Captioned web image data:
= Beginning of Section =

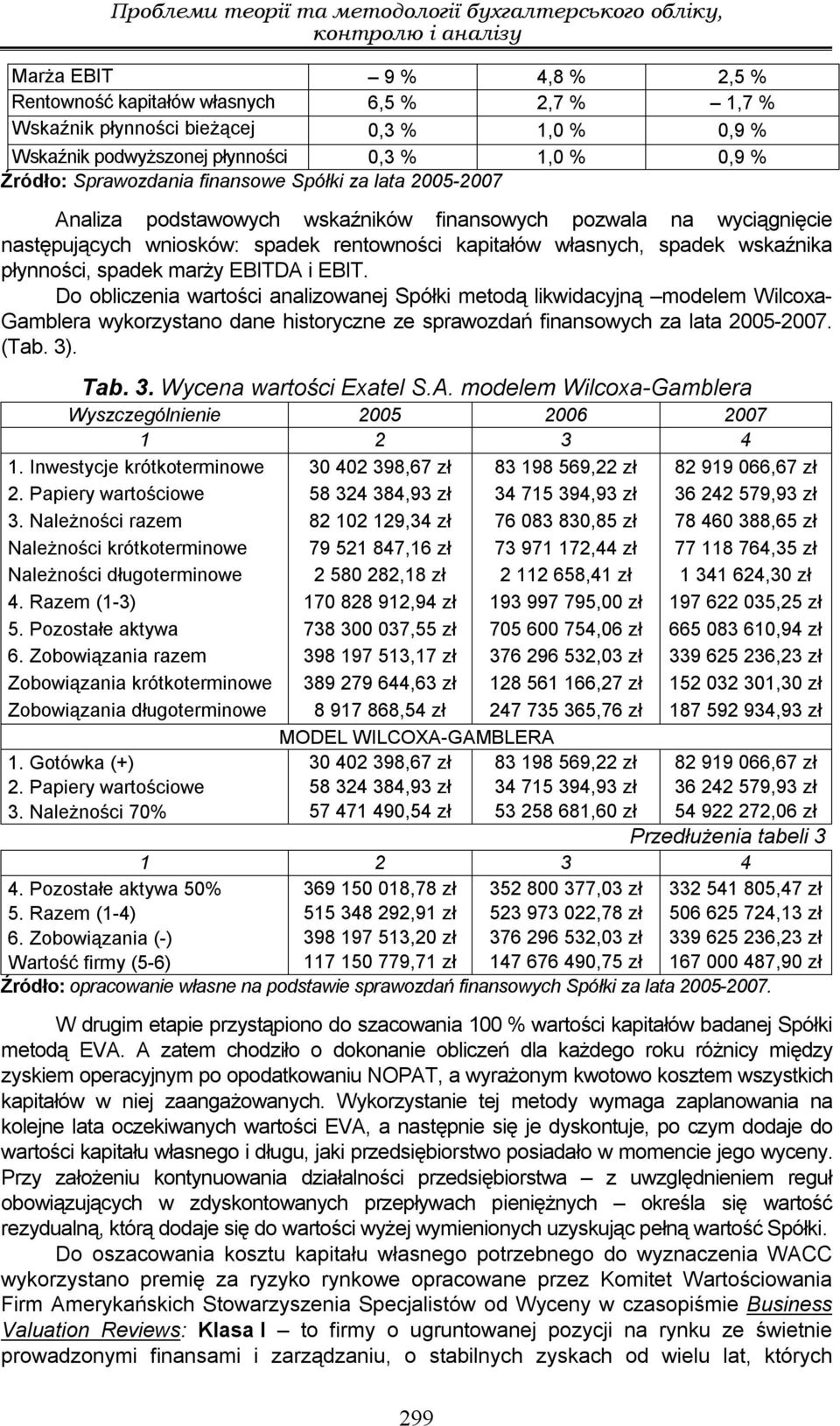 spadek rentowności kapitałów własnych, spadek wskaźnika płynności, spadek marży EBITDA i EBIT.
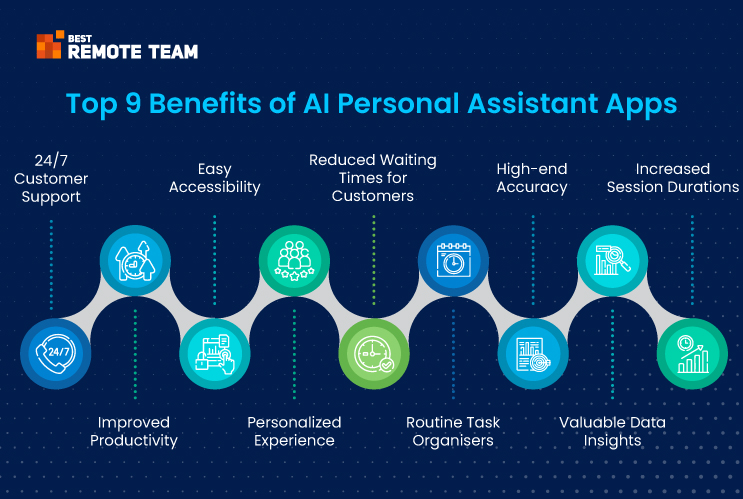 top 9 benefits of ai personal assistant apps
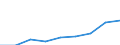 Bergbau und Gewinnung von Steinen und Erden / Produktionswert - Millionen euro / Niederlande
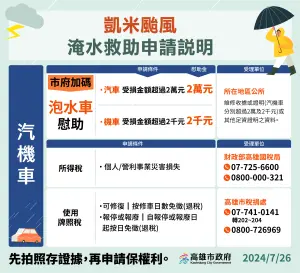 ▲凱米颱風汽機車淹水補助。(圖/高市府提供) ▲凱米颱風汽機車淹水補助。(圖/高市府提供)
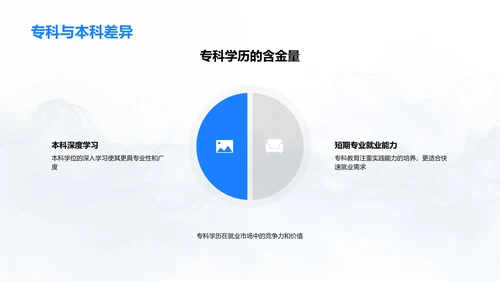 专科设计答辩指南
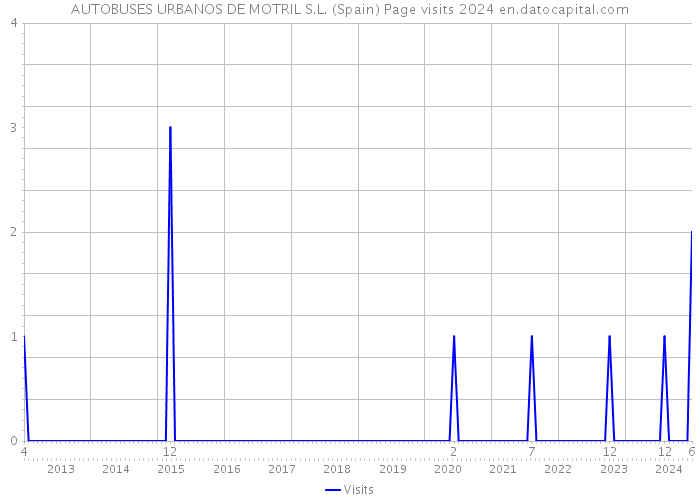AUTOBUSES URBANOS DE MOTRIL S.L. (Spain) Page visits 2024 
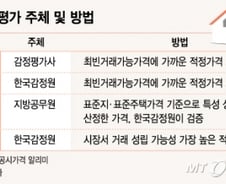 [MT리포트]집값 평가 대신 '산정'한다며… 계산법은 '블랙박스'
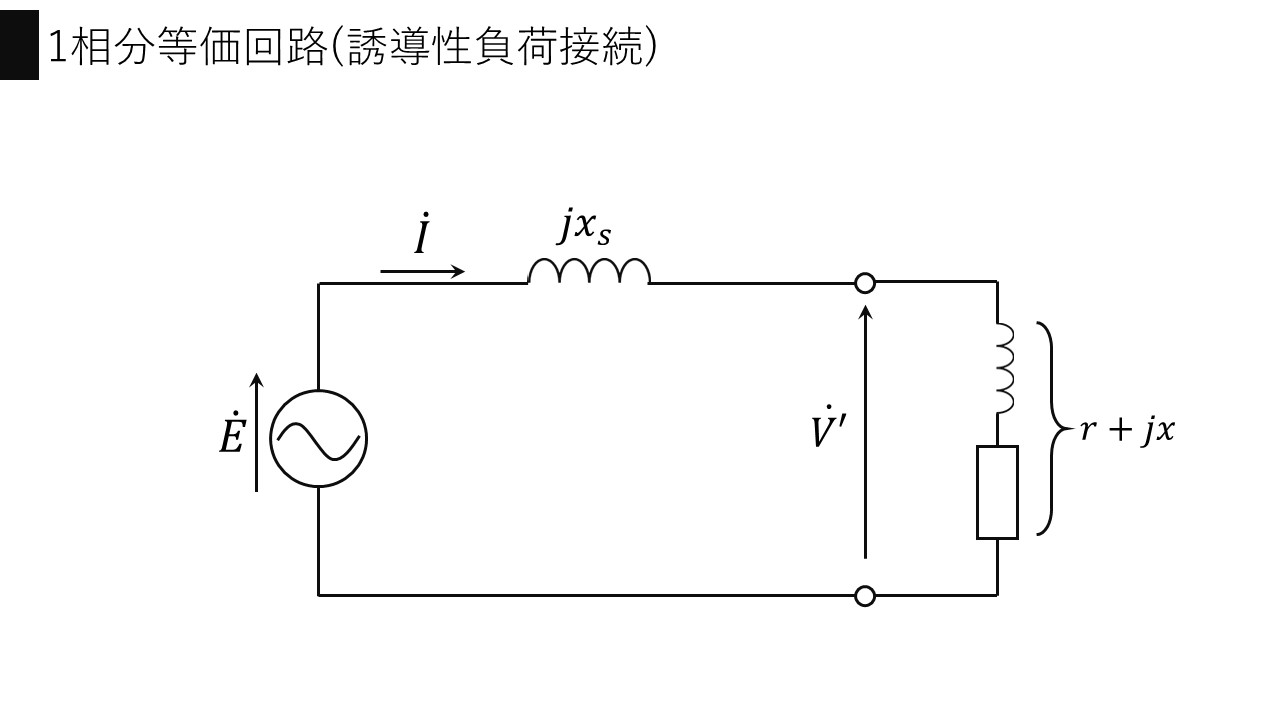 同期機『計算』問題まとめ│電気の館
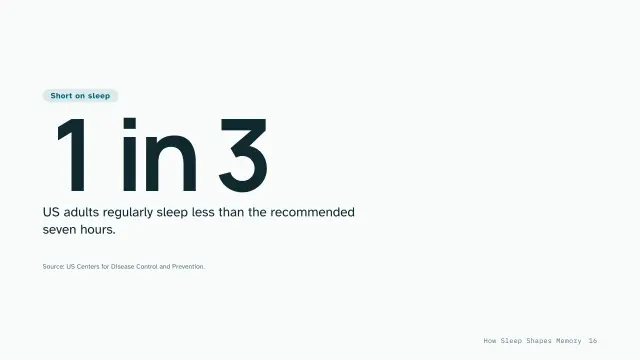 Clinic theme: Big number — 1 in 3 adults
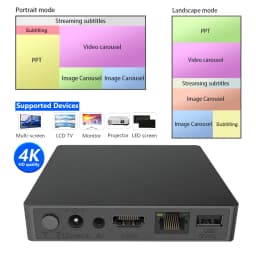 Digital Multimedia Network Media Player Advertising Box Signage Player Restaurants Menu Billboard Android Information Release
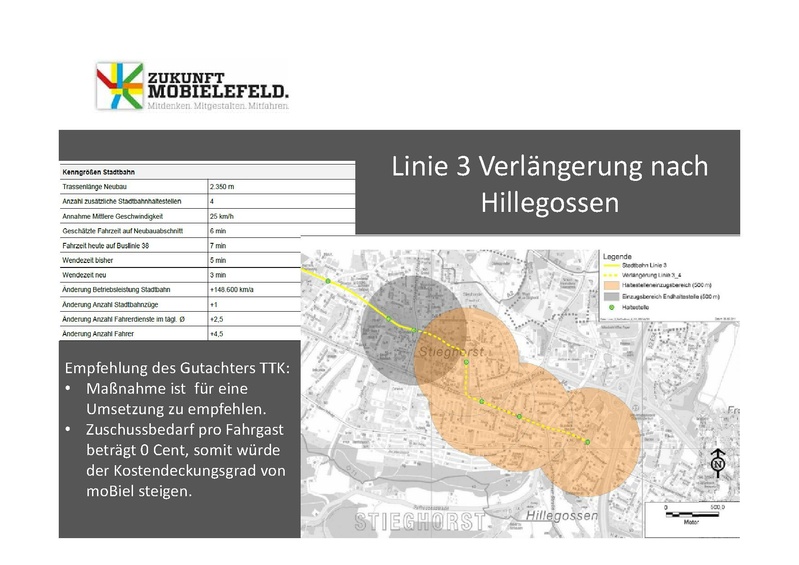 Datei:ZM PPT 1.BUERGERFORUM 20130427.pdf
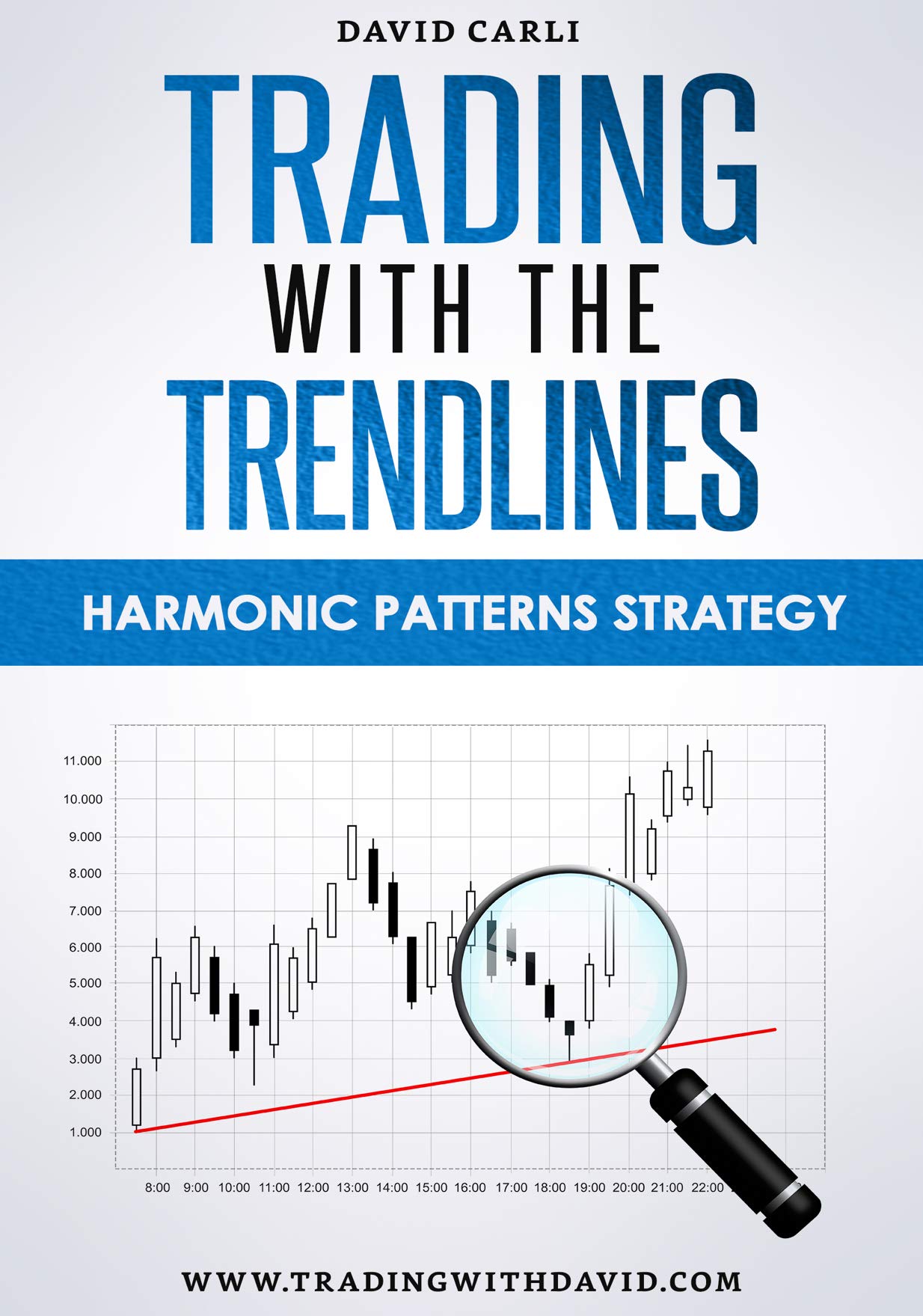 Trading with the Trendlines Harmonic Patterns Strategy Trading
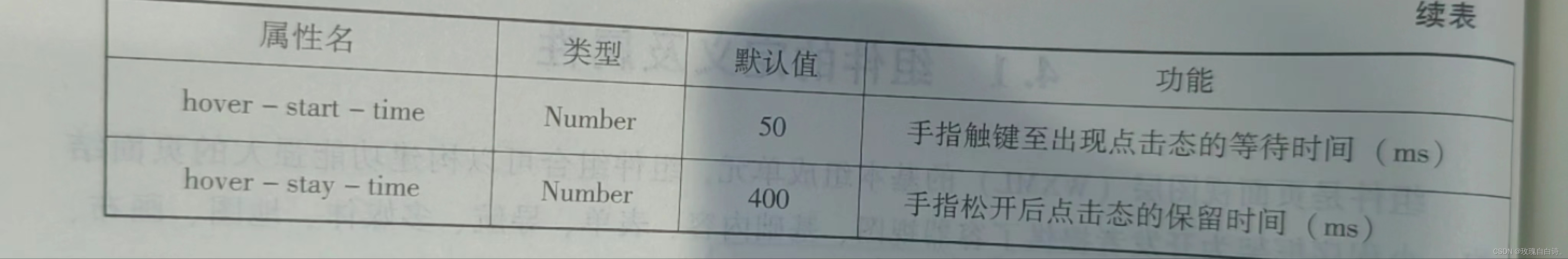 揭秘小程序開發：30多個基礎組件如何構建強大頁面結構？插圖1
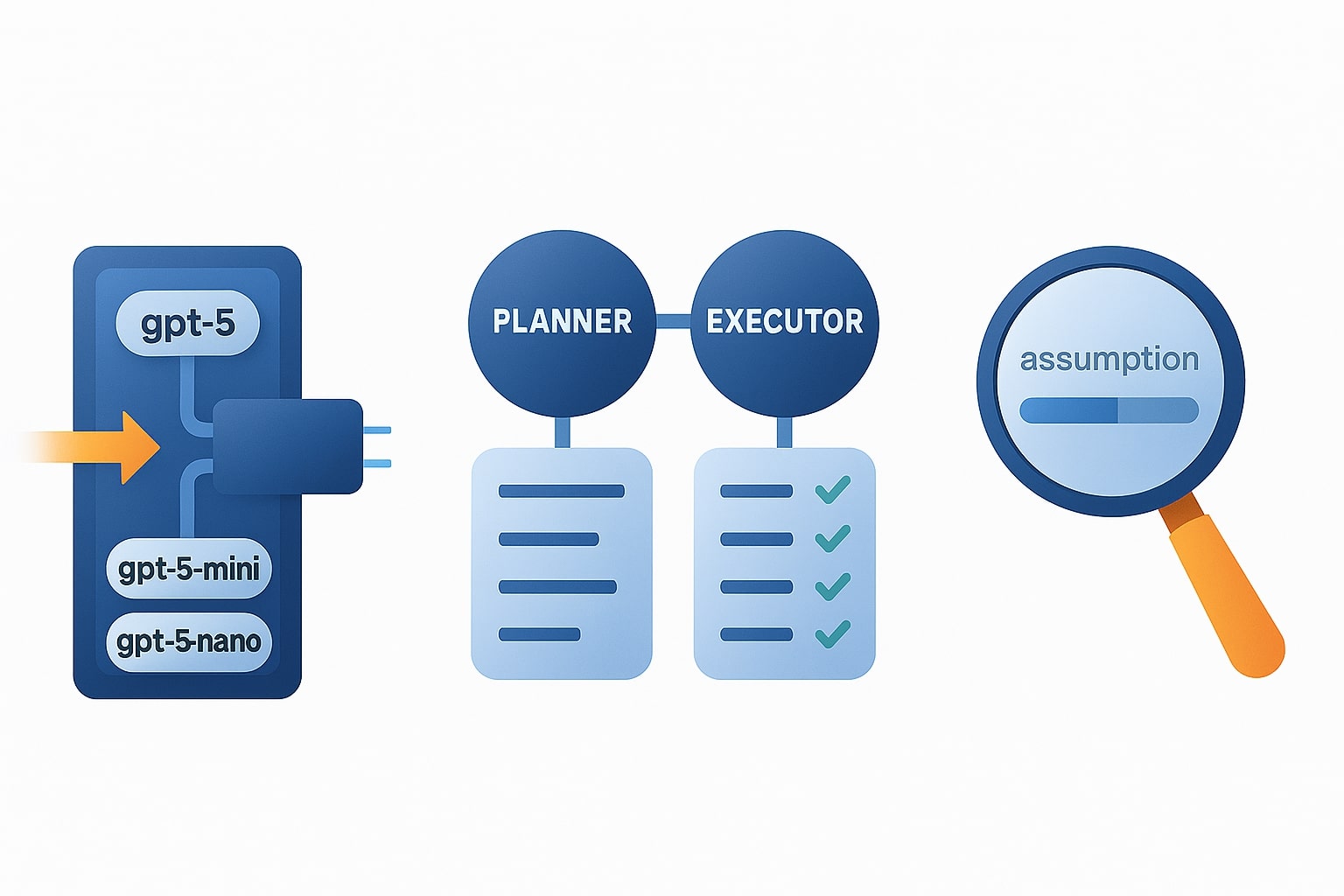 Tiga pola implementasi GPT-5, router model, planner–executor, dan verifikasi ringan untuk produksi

= End of Section =

**Exercise:** Every word of the data should be reproduced exactly; please omit any pictures.

**Solution to this exercise:**
 spadek rentowności kapitałów własnych, spadek wskaźnika płynności, spadek marży EBITDA i EBIT.
 top 9 benefits of ai personal assistant apps
 Bergbau und Gewinnung von Steinen und Erden / Produktionswert - Millionen euro / Niederlande
 ▲凱米颱風汽機車淹水補助。(圖/高市府提供) ▲凱米颱風汽機車淹水補助。(圖/高市府提供)
 专科设计答辩指南
AUTOBUSES URBANOS DE MOTRIL S.L. (Spain) Page visits 2024 
 [MT리포트]집값 평가 대신 '산정'한다며… 계산법은 '블랙박스'
 同期機『計算』問題まとめ│電気の館
 Clinic theme: Big number — 1 in 3 adults
 Digital Multimedia Network Media Player Advertising Box Signage Player Restaurants Menu Billboard Android Information Release
 Datei:ZM PPT 1.BUERGERFORUM 20130427.pdf
 Trading with the Trendlines Harmonic Patterns Strategy Trading
 揭秘小程序開發：30多個基礎組件如何構建強大頁面結構？插圖1
 Tiga pola implementasi GPT-5, router model, planner–executor, dan verifikasi ringan untuk produksi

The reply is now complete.